Loin d’entraver un programme précoce du FMI pour le Sénégal, tout cela permet de rendre cohérent un programme de maintien, pendant que les données macroéconomiques sont corrigées, préfigurant une stratégie de dette à moyen terme, y compris sur la dette en devises étrangères.
Qui doit porter le chapeau ?
Il faut mettre fin à l’absurdité qui consiste à voir l’ancien président Sall se pavaner sur la scène internationale en tant qu’éminence grise après avoir présidé à ce désastre ; il devrait être considéré comme un paria.

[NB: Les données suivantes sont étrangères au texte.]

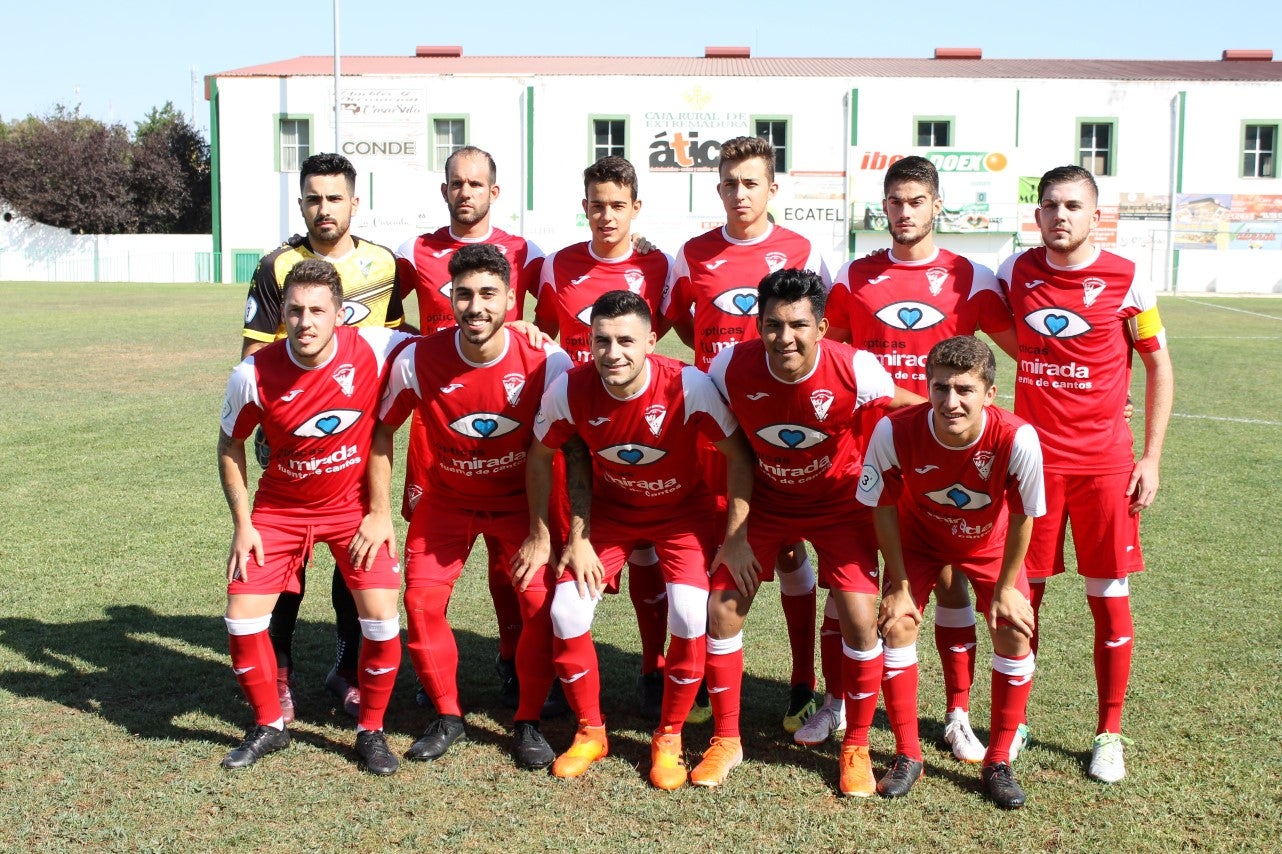 Algunas imágenes del encuentro de la tercera jornada de liga de Tercera División disputado en el Municipal de San Roque y que acabó 2-5 (08-09-2019)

De même, le personnel du FMI est officiellement tenu de garantir la véracité des données du programme, et non de se cacher derrière les assurances d’autrui. Le fait que le FMI qualifie tout cela de « fausse déclaration » est donc une dissimulation. Au contraire, les directeurs du département Afrique et des affaires fiscales, responsables de la qualité du travail de leur personnel, n’ont apparemment jamais vu d’erreur dans les multiples programmes, malgré des projections d’inflation absurdes et un déficit budgétaire colossal, couronnés aujourd’hui par un plan qui aggrave toutes les erreurs, conçu sur la base de données macroéconomiques non corrigées et manifestement intenables.
En conséquence, et pour souligner que, quoi qu’il en soit, avoir perdu de vue 40 % du PIB est inacceptable, la directrice générale devrait révoquer les deux directeurs.
Sinon, elle devrait être démise de ses fonctions pour avoir toléré, voire encouragé, un échec aussi catastrophique dans le travail du personnel du FMI.
Il faut donc mettre un terme à la précipitation : un programme provisoire du FMI pour le Sénégal, assorti de mesures de gel des dettes non déclarées, d’une responsabilité totale et d’une transparence ex ante, est désormais essentiel pour sauver les institutions budgétaires de ce pays et, par voie d’exemple, du monde entier.